Spinlabel Options Explanation


-nmr:spinlabel:max_ensemble_size Maximum number of spin-label rotamers to represent the ensemble (Default: 20). If the ensemble size is higher than this cutoff, rotamers are binned by their side chain RMSD. This is to speed up the calculation.

-nmr:spinlabel:highres_conformer_filter_type Type of detecting clashes of spin-label conformers with neighboring protein residues in Rosetta's full-atom mode. Possible values are DISTANCE and BUMP_ENERGY. In the first case, conformers are treated as having a clash if any of their side chain heavy atoms is within the neighbor radius of any of the neighboring amino acid residues. In the second method, clashes are detected by calculating the bump energy of a spin-label conformer with its protein environment. The default value is BUMP_ENERGY, whereas in Rosetta's centroid stage the DISTANCE method is the only one that is available. (Default: BUMP_ENERGY).

-nmr:spinlabel:elaborate_rotamer_clash_check Perform an elaborate clash check of every heavy atom of all spin-label rotamers with the heavy atoms in surrounding residues (Default: false). If all rotamers produce at least one clash, return that rotamer with the lowest number of atom clashes. If false, consider only heavy atoms in non-clashing rotamers and return a random spin-label rotamer in case there are no remaining non-clashing rotamers.

-nmr:spinlabel:boltzmann_kt Scaling factor for Boltzmann weighting of the spin-label conformer probabilities (Default: 2.0).

6) References

  1. Peters, F., et al., Cys-Ph-TAHA: a lanthanide binding tag for RDC and PCS enhanced protein NMR. J Biomol NMR, 2011. 51 (3): p. 329-37.

  2. Olivieri, C., et al., Simultaneous detection of intra- and inter-molecular paramagnetic relaxation enhancements in protein complexes.
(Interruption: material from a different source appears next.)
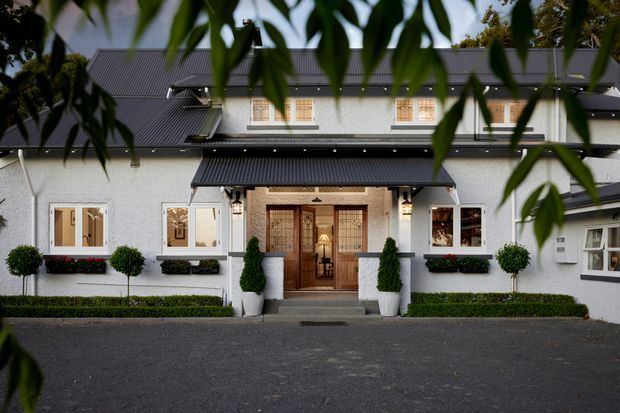 Front exterior view of a refined two-storey residence with a symmetrical pale stucco facade, dark pitched metal roofing, a projecting covered entry, timber double doors, and regularly spaced windows. Formal clipped shrubs and topiary flank the entrance, while foreground foliage partially frames the building.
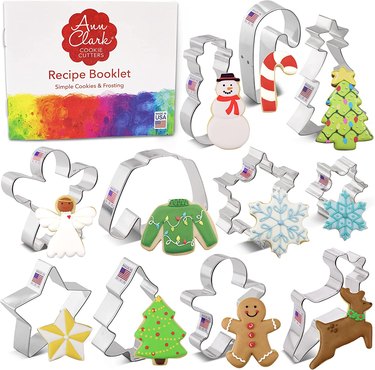 Set of Ann Clark Christmas-themed cookie cutters displayed on a white ground, with a decorated cookie in front of each cutter, and the accompanying recipe booklet shown in the top left corner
J Biomol NMR, 2018. 70 (3): p. 133-140.

  3. Gront, D., et al., Generalized fragment picking in Rosetta: design, protocols and applications. PLoS One, 2011. 6 (8): p. e23294.
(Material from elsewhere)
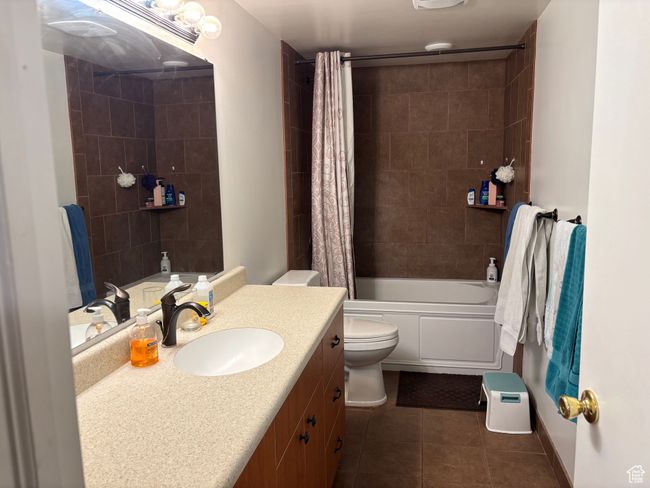Full bathroom featuring vanity, toilet, tile patterned flooring, and shower / tub combo | Image 18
  4. Parsons, L.M., A. Grishaev, and A. Bax, The periplasmic domain of TolR from Haemophilus influenzae forms a dimer with a large hydrophobic groove: NMR solution structure and comparison to SAXS data. Biochemistry, 2008. 47 (10): p. 3131-42.

  5. Dimaio, F., et al., Modeling symmetric macromolecular structures in rosetta3. PLoS One, 2011. 6 (6): p. e20450.

  6. Lemmon, G. and J. Meiler, Rosetta Ligand docking with flexible XML protocols. Methods Mol Biol, 2012. 819 : p. 143-55.

  7. DeLuca, S., K. Khar, and J. Meiler, Fully Flexible Docking of Medium Sized Ligand Libraries with RosettaLigand. PLoS One, 2015. 10 (7): p. e0132508.

  8. Schmitz, C. and A.M. Bonvin, Protein-protein HADDocking using exclusively pseudocontact shifts. J Biomol NMR, 2011. 50 (3): p. 263-6.

  9. Iwahara, J., C.D. Schwieters, and G.M. Clore, Ensemble approach for NMR structure refinement against 1H paramagnetic relaxation enhancement data arising from a flexible paramagnetic group attached to a macromolecule. J Am Chem Soc, 2004. 126 (18): p. 5879-96.